University of Washington researchers are part of a team that has developed a powerful tool that uses single-cell studies to improve our understanding of disease genetics. It’s an innovation on transcriptome-wide association studies called TWiST that uses Expression Quantitative Trait Locus (eQTL) data. The method was outlined in a recent Cell Genomics.

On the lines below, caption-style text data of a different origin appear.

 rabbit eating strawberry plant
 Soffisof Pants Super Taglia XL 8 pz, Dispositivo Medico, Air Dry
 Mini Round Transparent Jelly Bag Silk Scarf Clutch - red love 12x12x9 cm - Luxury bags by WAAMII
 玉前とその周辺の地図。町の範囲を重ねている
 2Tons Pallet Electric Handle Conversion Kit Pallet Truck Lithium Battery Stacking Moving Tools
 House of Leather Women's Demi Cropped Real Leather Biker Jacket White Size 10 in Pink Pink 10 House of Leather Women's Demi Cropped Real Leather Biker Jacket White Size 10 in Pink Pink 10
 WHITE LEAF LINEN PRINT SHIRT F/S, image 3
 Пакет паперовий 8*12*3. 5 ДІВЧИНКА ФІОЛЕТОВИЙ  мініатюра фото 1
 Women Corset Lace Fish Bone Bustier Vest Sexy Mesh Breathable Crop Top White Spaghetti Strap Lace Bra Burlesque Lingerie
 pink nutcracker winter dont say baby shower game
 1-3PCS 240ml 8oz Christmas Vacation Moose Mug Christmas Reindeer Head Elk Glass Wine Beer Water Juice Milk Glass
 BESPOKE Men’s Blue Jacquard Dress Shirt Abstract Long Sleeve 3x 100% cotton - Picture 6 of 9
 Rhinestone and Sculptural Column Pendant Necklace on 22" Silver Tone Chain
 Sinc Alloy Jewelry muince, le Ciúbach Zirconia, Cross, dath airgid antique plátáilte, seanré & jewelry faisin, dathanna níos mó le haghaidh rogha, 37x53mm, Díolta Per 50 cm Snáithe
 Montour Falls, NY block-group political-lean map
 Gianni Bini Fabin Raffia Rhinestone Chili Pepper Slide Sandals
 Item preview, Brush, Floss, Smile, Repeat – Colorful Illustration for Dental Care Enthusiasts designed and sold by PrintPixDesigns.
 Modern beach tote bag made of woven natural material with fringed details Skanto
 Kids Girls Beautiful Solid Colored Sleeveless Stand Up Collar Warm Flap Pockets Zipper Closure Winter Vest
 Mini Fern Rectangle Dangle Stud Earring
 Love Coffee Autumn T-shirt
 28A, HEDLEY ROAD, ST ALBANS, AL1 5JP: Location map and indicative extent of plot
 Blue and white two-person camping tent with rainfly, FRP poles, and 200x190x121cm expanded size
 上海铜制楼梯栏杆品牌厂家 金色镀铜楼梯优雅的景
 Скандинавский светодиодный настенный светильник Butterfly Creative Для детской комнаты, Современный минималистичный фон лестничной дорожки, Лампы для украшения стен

"Cells are heterogenous. Even cells that broadly belong to the same type can have many, almost a continuum, of underlying cell states. TWiST models gene-disease relationship for each cell and thereby leverages the full resolution of single-cell eQTL data, making it more powerful than previous methods,” said Guanghao Qi, a UW professor of biostatistics who led the study.
Qi’s team applied TWiST to data from the ONEK1K study, a cohort of single-cell RNA sequencing data collected from 982 donors. They were able to identify hundreds of genes associated with autoimmune diseases, which provided new insights into disease mechanisms for conditions including rheumatoid arthritis, systemic lupus erythematosus, Crohn’s disease, inflammatory bowel disease, multiple sclerosis, type 1 diabetes mellitus, and ankylosing spondylitis.
“Many genes identified by TWiST have ‘dynamic’ effects on disease. Their effects can vary along the differentiation trajectory of immune cells. Understanding these genes can inform the development of therapeutic interventions,” said Qi, who noted that study findings hold promise for other diseases beyond autoimmune conditions.
Other UW Biostatistics faculty on the team include Eardi Lila, Ali Shojaie, and Wei Sun.